A mark is a sign that has been divested of the metaphysics of presence.

Therefore, ‘to write’ is to produce a mark that will constitute a sort of machine which is productive in turn, and which my future disappearance will not, in principle, hinder in its functioning, offering things and itself to be read and to be rewritten.

It is the structure of the ‘mark’ that makes it writing as such! 

And the mark of writing is its iterability! Its legibility.

Writing has to be legible. In the absence of a centre, I should still be able to read and understand what the centre intended or meant in sending this message.

Writing has to be iterable or legible in the sense that it should be able to be divorced from its originary source, from the source of the author, or the context that originated it.

Derrida then takes the concept of absence and iterability and extends it across all other media.

The Signifier is No Longer Grounded by the Signified

Speech therefore, according to Derrida is not at all different from writing, it is also separable from its original context. The signifiers in both speech and writing are separable from their original context, both in speech and writing. And they are capable of being inscribed and being grafted into other contexts. The signifier is no longer grounded by the signified, since all the signifieds now exist outside the context of the metaphysically encoding systems.

This is in sharp contrast to the MacLuhan idea of Media Studies, in which MacLuhan says that, every medium has its own bias. Thus Derrida rescues ‘writing’ from domination and tyranny by the metaphysics of presence in the logocentric tradition.

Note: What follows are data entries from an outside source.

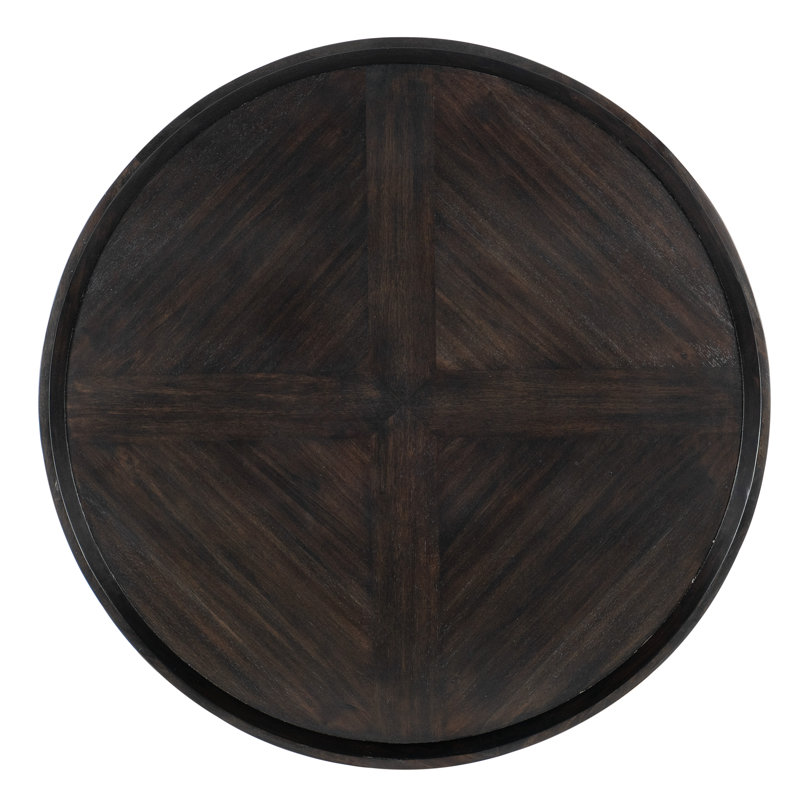 Black Acacia Wood Round Coffee Table with Storage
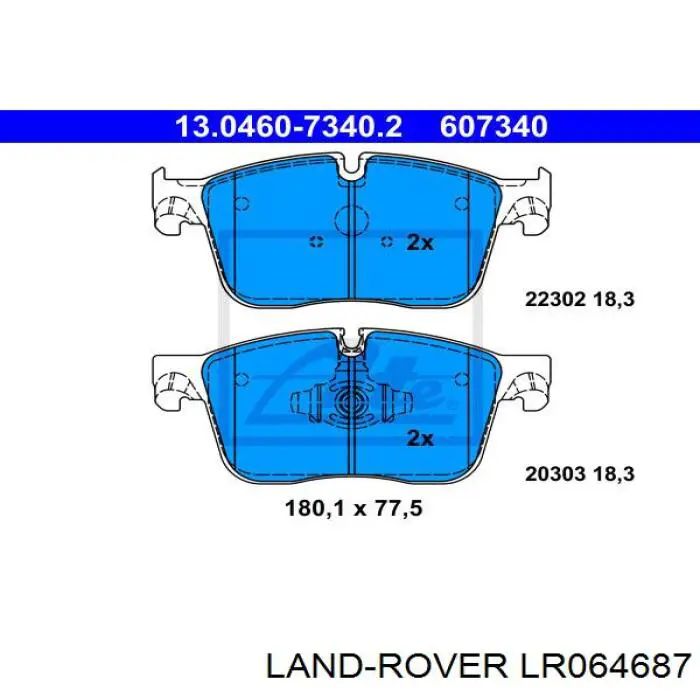 Klocki hamulcowe przednie tarczowe Land Rover LR064687 cena, od 58,18 USD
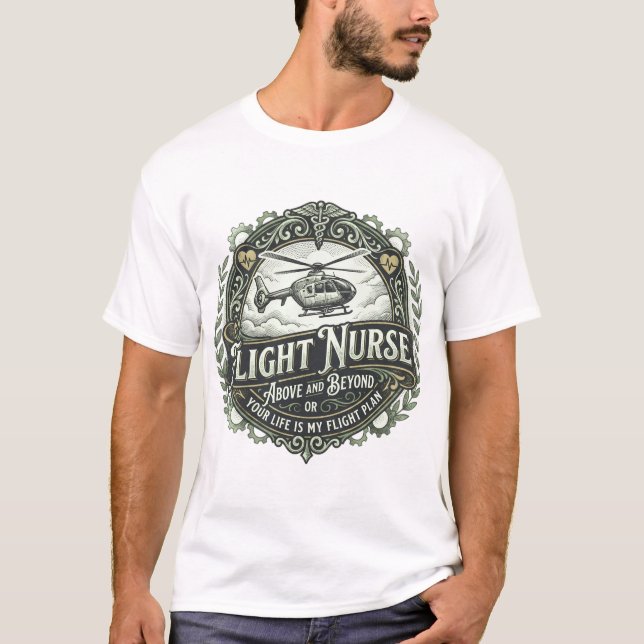 Flight Nurse Above And Beyond T Shirt (Framsida)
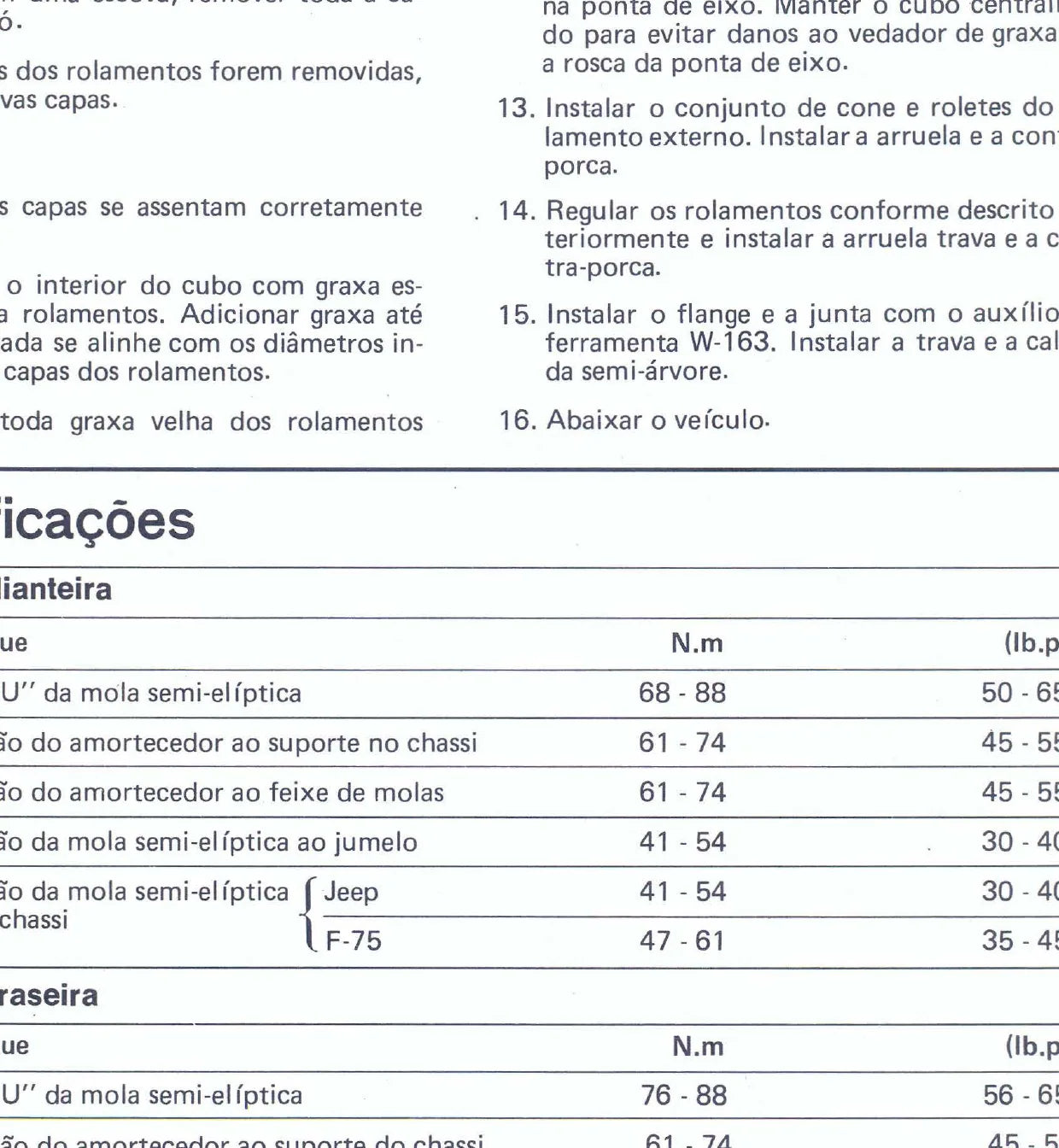 FORD Jeep CJ5 / F-75 — detalhe do procedimento — página interna do manual de oficina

Then Derrida moves on to Austin’s theory of the distinction between ‘performative utterances’ and ‘constative utterances’.

Constative utterances are assertive statements, classical ‘assertions’, generally considered as true or false ‘descriptions’, of facts, whereas, performative utterances make something happen! (from the English ‘performative’, allowing to accomplish something through speech itself).

Performative Utterances make ‘Something Happen!’

Although Derrida is quite appreciative of Austin’s attempt to liberate performative statements from the true/false dichotomy, he critiques Austin for depending too much on the notions of intention, context, and convention.

To Derrida, an utterance can only “succeed” if its formulation is repeatable, or iterable, or if it can be identified as a “citation”, conforming to a predictable structure, at some point in the past!

Derrida extends this concept of iterability to written texts, and gives signatures as an example. He claims that in order for a signature to be valid, it must contain the qualities of being repeatable and imitable, conforming to a predictable structure, at some point in the past!

The signature anchors the performative utterance in the written version. The signature supplements or compensate the living presence of the author, and thereby authorises it!

At the same time, it also indicates a future presence, with the possibility of the reproducibility of the signature, as an authority of the document that’s being signed.

One reason why he ironically ends the paper by signing his own name, by saying,

The-written-text of this oral communication was to be delivered to the Association des societes de philosophie de langue francaise, ahead of the meeting. That dispatch should thus have been signed. Which I do, and counterfeit, here. Where? There. J.D.

Conclusion

Speech and writing are two forms of media that are doing the same thing! Both based on the same model of differance, the endless play of signifying chains based on the iterability and possibility of removing them from their original contexts, of deauthorising both the signifiers from their original signifieds, and generating entirely new contexts of meaning around them. As such, there is basically no difference between speech and writing, concludes Derrida.